I have this code:
from pyspark.sql import SparkSession
from pyspark.sql.functions import from_json, col, explode, schema_of_json, lit
spark = SparkSession.builder.getOrCreate()
s = '{"job_id":"123","settings":{"task":[{"taskname":"task1","notebook_task":{"notebook_path":"path1"}},{"taskname":"task2","notebook_task":{"notebook_path":"path2"}}]}}'
schema = schema_of_json(lit(s))
result_df = (
spark.createDataFrame([s], "string")
.select(from_json(col("value"), schema).alias("data"))

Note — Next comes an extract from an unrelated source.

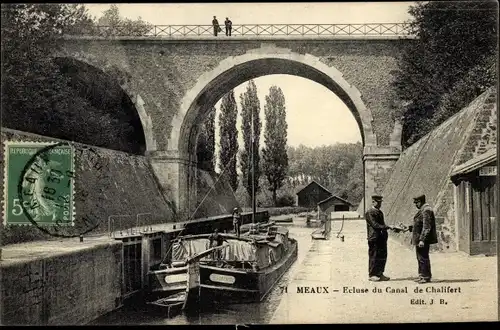 Ak Meaux Seine-et-Marne, Ecluse du Canal de Chalifert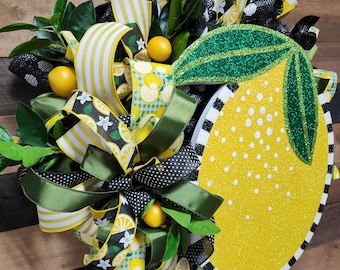 Lemon Wreath, Summer Wreath, Everyday Wreath, Handmade Wreath, Large Wreath, Summer Decor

.select("data.job_id", explode("data.settings.task.taskname").alias("taskname"))
)
result_df.show()
Which generates this:
+------+--------+
|job_id|taskname|
+------+--------+
| 123| task1|
| 123| task2|
+------+--------+
How to add the field notebook_path
to the dataframe? It seems explode can't generate more than one field, and can't put two explode function in the select. I know I can create addition dataframes (job_id
, notebook_path
) and then join these two dataframes on job_id
. Just wondering any better solution available?
You should explode the array which is task
not taskname
. Then you can access the fields of the exploded objects as necessary.

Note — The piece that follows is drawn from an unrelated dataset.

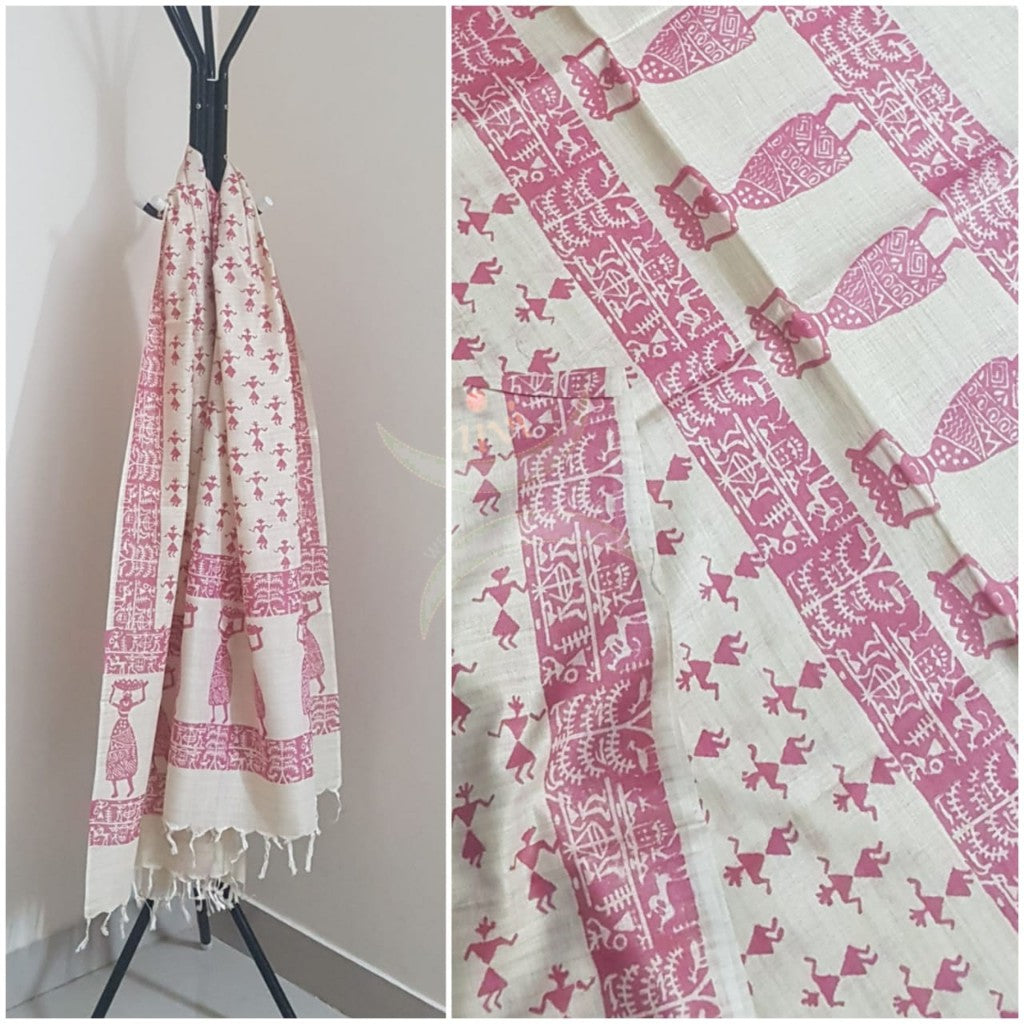 Handloom silk blend warli printed dupatta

from pyspark.sql import SparkSession
from pyspark.sql import functions as F
spark = SparkSession.builder.getOrCreate()
s = '{"job_id":"123","settings":{"task":[{"taskname":"task1","notebook_task":{"notebook_path":"path1"}},{"taskname":"task2","notebook_task":{"notebook_path":"path2"}}]}}'
schema = F.schema_of_json(F.lit(s))
df = (
spark.createDataFrame([s], 'string')
.select(F.from_json(F.col('value'), schema).alias('data'))
)
cols = [
F.col('data').getField('job_id').alias('job_id'),
F.explode('data.settings.task').alias('task'),
]
df2 = df.select(cols)
final_cols = [
F.col('job_id'),
F.col('task.taskname').alias('taskname'),
F.col('task.notebook_task.notebook_path').alias('notebook_path'),
]
result_df = df2.select(final_cols)
result_df.show(10, False)
# +------+--------+-------------+
# |job_id|taskname|notebook_path|
# +------+--------+-------------+
# |123 |task1 |path1 |
# |123 |task2 |path2 |
# +------+--------+-------------+